Ma l'acqua c'è o no?

La rabdomanzia sconfitta dalla permeabilità

  • In Articoli
  • 28-07-2003
  • di Nello Lo Monaco

In varie occasioni si è parlato della rabdomanzia e della sua non scientificità, e non si vogliono qui ripetere i molteplici concetti su questo argomento, altrove espressi. Si cercherà piuttosto di fornire alcune schematiche nozioni di idrogeologia, onde pervenire alla conclusione che la rabdomanzia non ha senso di esistere non in quanto fenomeno non spiegabile o dimostrabile, ma poiché teoricamente basato su un principio errato, talmente errato che porlo come base per l'elaborazione della teoria, pregiudica la teoria stessa.

L'idrogeologia è la scienza che studia le acque contenute nel sottosuolo, ossia il loro moto e la loro presenza nel terreno. Per affrontare questi argomenti, si deve definire la permeabilità idrica, che è la capacità di un corpo a farsi attraversare dall'acqua; l'unità di misura della permeabilità è il darcy, che ha le dimensioni di una velocità.

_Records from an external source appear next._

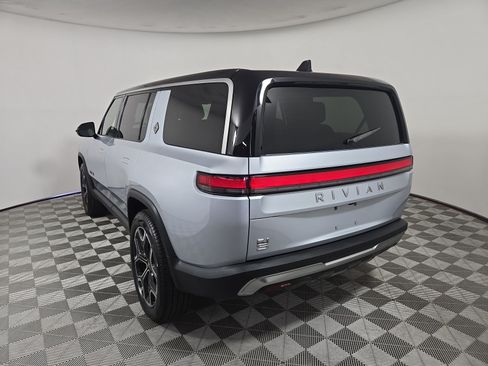 Used 2025 Rivian R1S Adventure Dual AWD/4WD image 3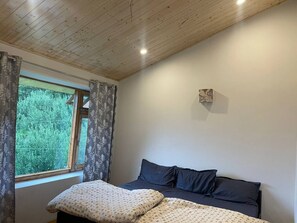 5 sovrum, skrivbord, gratis wi-fi och sängkläder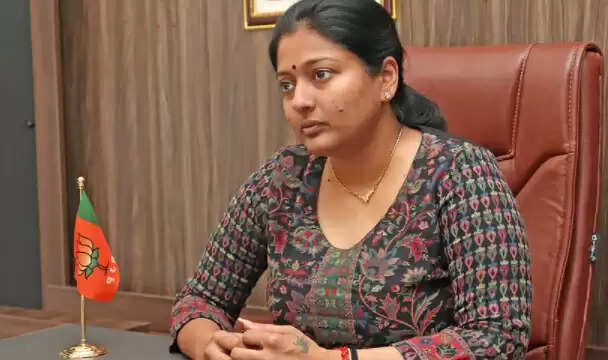 அனைத்து சாதியினரும் அர்ச்சகராகலாம்.. பிரபல நடிகை சர்ச்சை கருத்து !!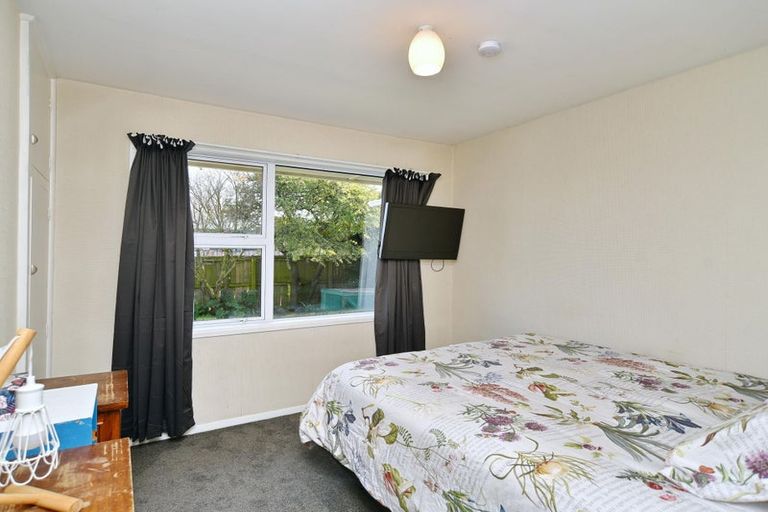 Photo of property in 53 Maces Road, Bromley, Christchurch, 8062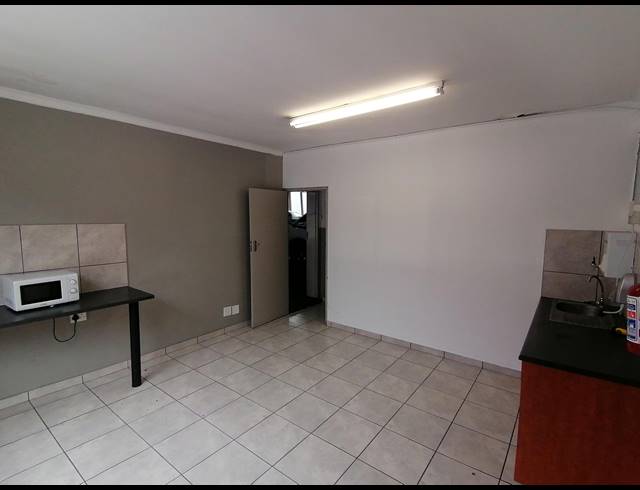 326M² WAREHOUSE TO LET IN PAROW EAST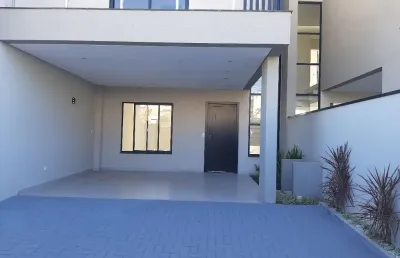 Sua busca por imóvel pode finalizar aqui! duplex com 170m² e amplo quintal livre.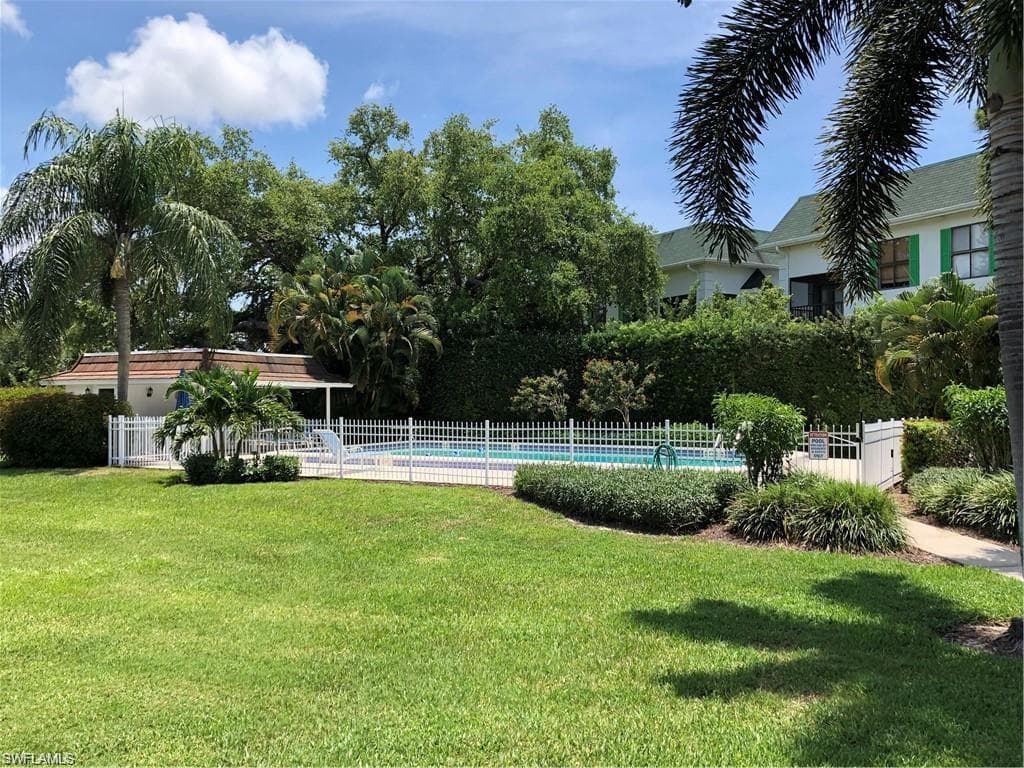 250 Palm River Blvd B102, Naples, FL 34110-11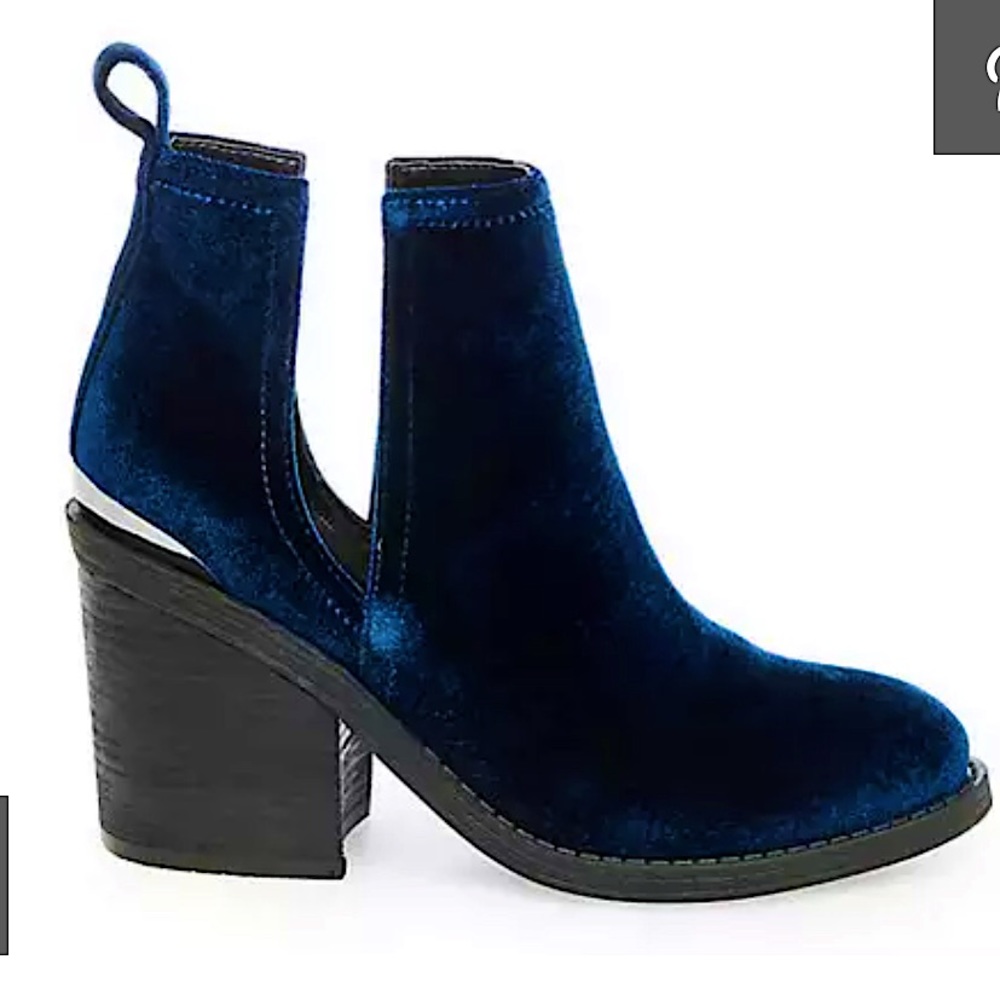 Steve Madden Shariniv Blue Velvet Booties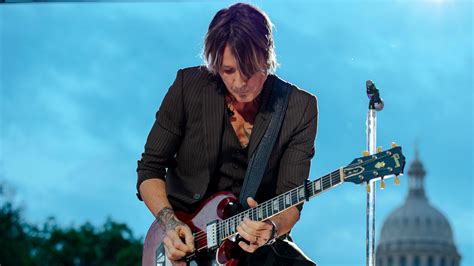 Watch Keith Urban Light Up The Stage With Epic Guitar Solo | Flipboard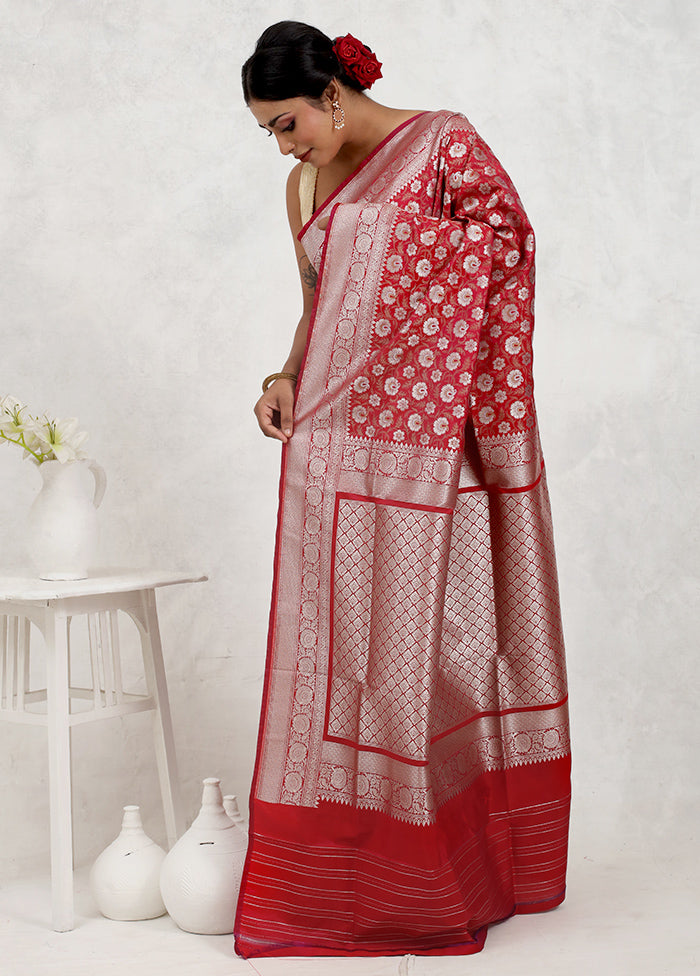 Red Uppada Silk Saree With Blouse Piece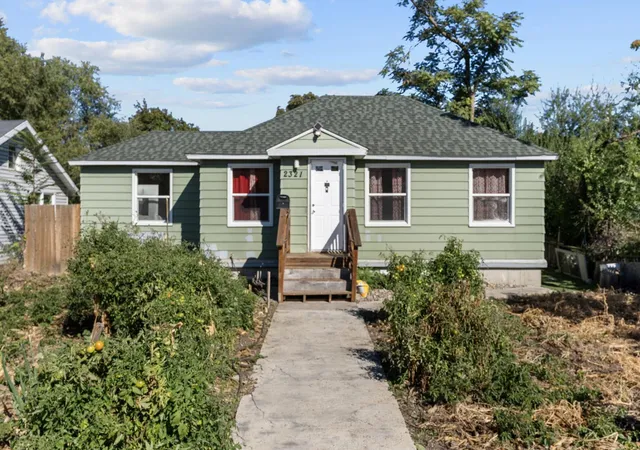 Photo 1 of Single family home for sale at 2321 E Boone Ave, Spokane, WA 99202 | MLS# 202625397 | Listing updated on 2026-10-06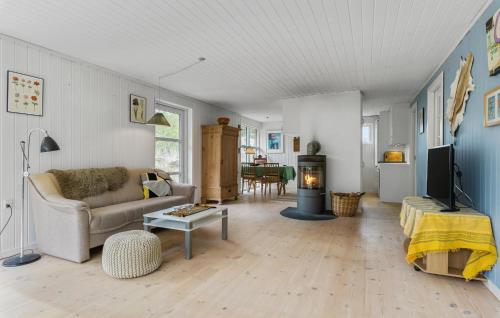 ein Wohnzimmer mit Couch und Kamin in der Unterkunft 2 Bedroom Nice Home In Fjerritslev in Fjerritslev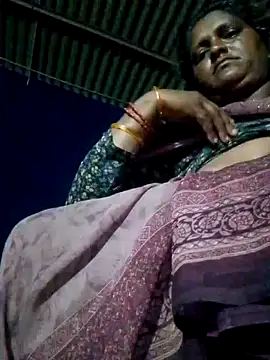 Snapshot of Ishwariya_Hatwal chatting on 09-12-25, 11:59 Ishwariya Hatwal online show from 09-12-25, 11:59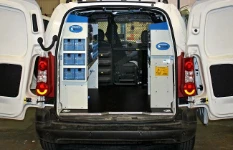 A Berlingo racking system with a pull-out vice bench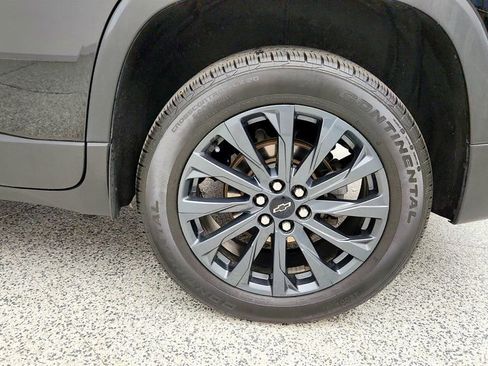 Used 2023 Chevrolet Traverse RS w/ LPO, Floor Liner Package AWD/4WD image 9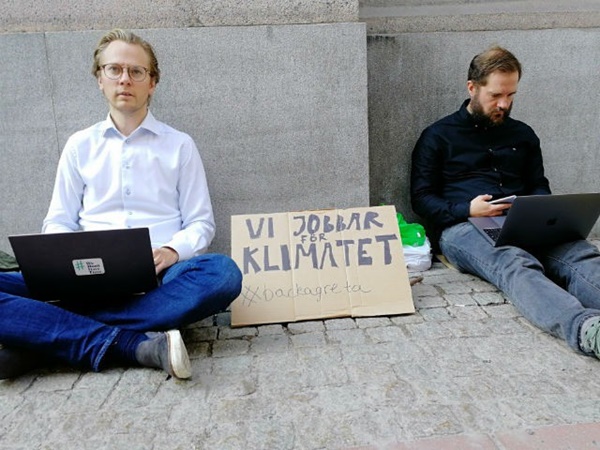 Sau báo Mỹ, đến lượt báo Úc nghi ngờ Greta Thunberg có đội ngũ PR chuyên nghiệp phía sau giúp tạo dựng tên tuổi và kiếm tiền trục lợi-8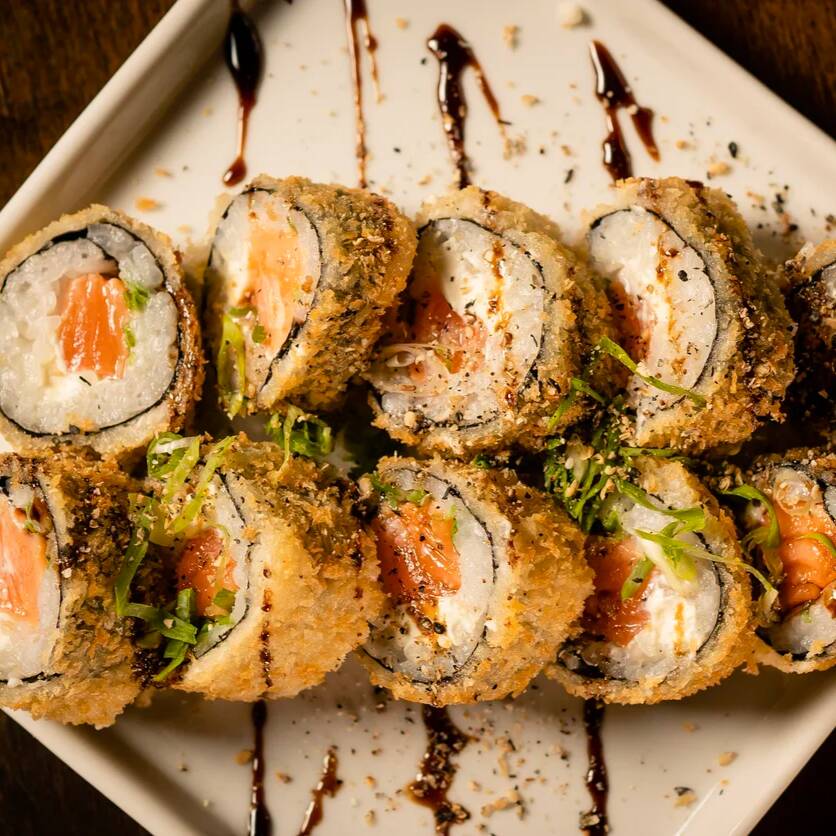 Hot Filadélfia recheado com salmão fresco gralhado e cream cheese, empanado e frito na medida certa.
Acompanha 1 hashi, 1 sachê de shoyo e 1 sachês de teriyaki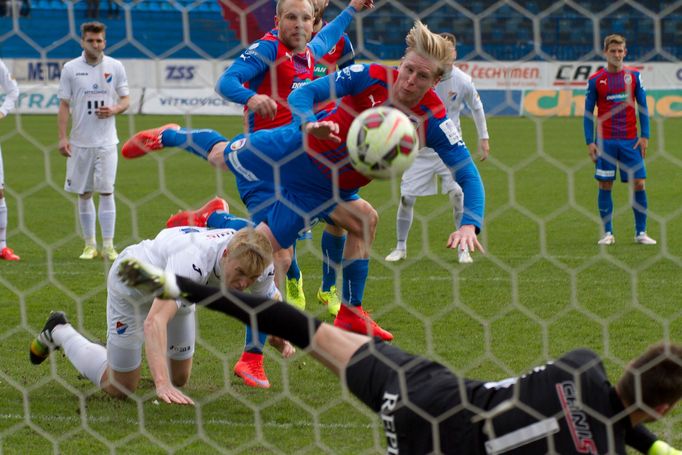 SL, Baník-Plzeň: Jiří Pavlenka - Daniel Kolář, penalta; dorážka František Rajtoral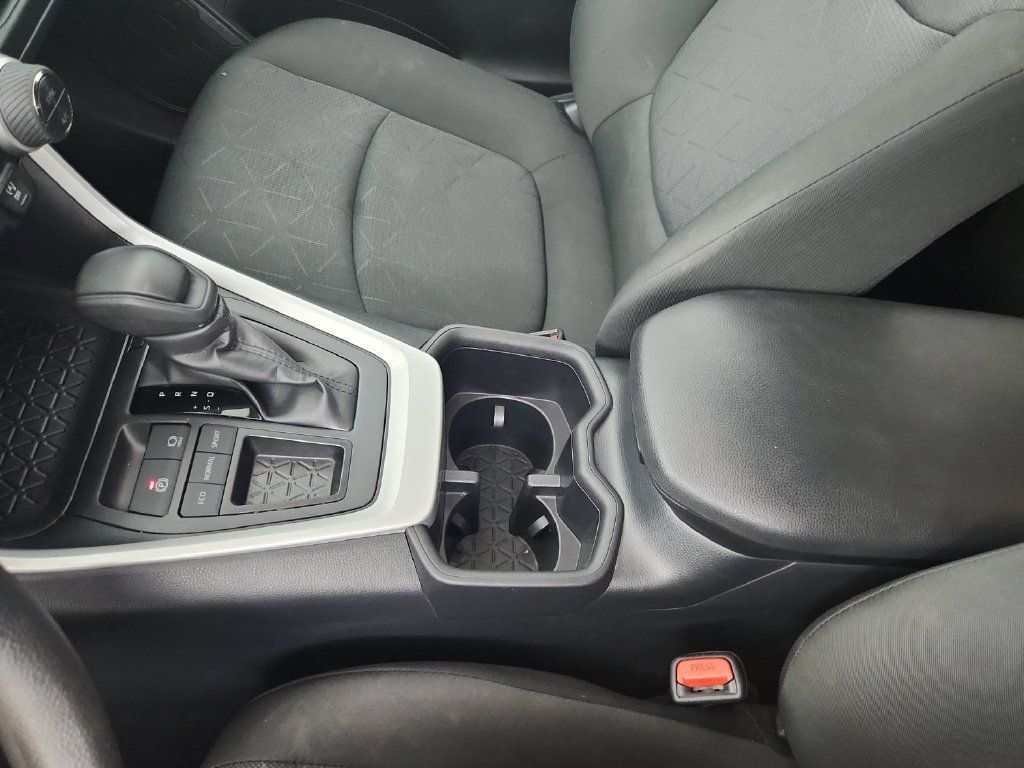 Used 2025 Toyota RAV4 XLE FWD image 29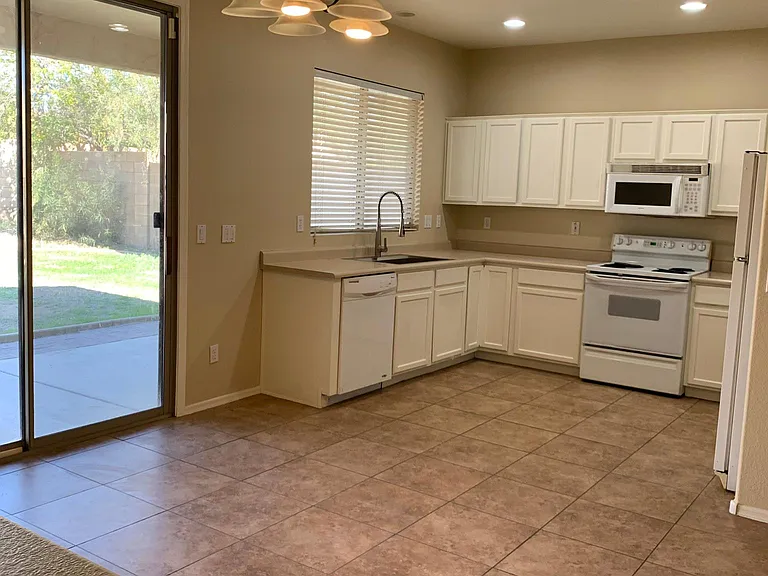 5784 W Alice Ave — Photo 5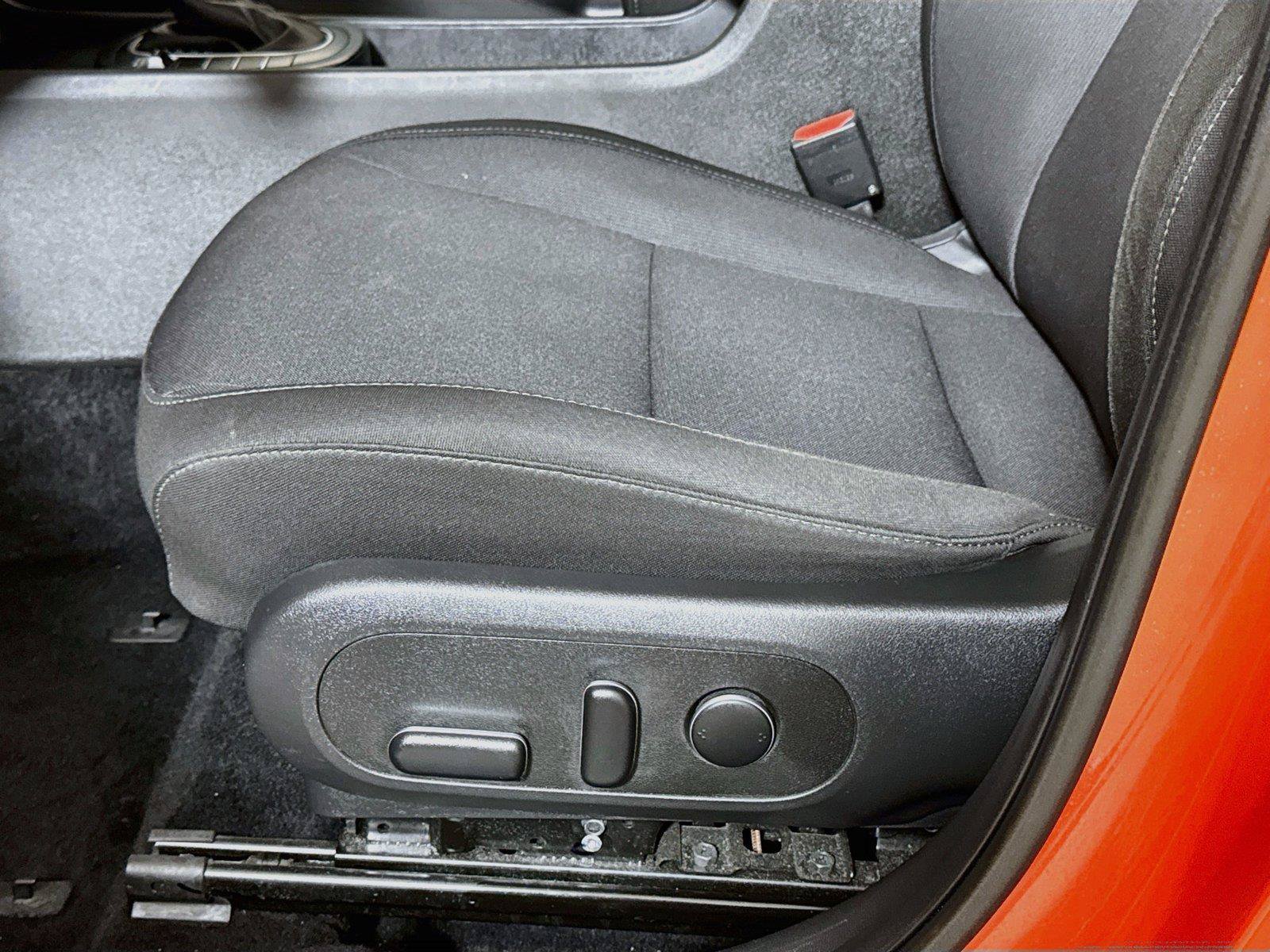 Used 2025 Hyundai Kona SEL FWD image 16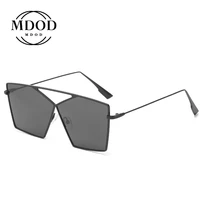 new large frame metal irregular ladies polarized color fashion sunglasses uv400 street shot shades for women men eyeglasses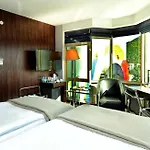 Ramada Encore By Wyndham איזמיר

Come tutti i corpi solidi, i terreni possono essere permeabili, oppure impermeabili. A loro volta, i terreni permeabili possono avere una permeabilità primaria (per porosità), cioè legata alle loro modalità genetiche, oppure una permeabilità secondaria (per fratturazione), cioè sviluppata dopo la loro formazione. Riassumendo, possiamo avere 3 tipi di terreni:

1) terreni permeabili per porosità (es. sabbie);

2) terreni permeabili per fratturazione (es. basalti);

3) terreni impermeabili (es. argille).

Cerchiamo di capire come si muove l'acqua sotterranea in ognuno dei tipi di terreni così definiti.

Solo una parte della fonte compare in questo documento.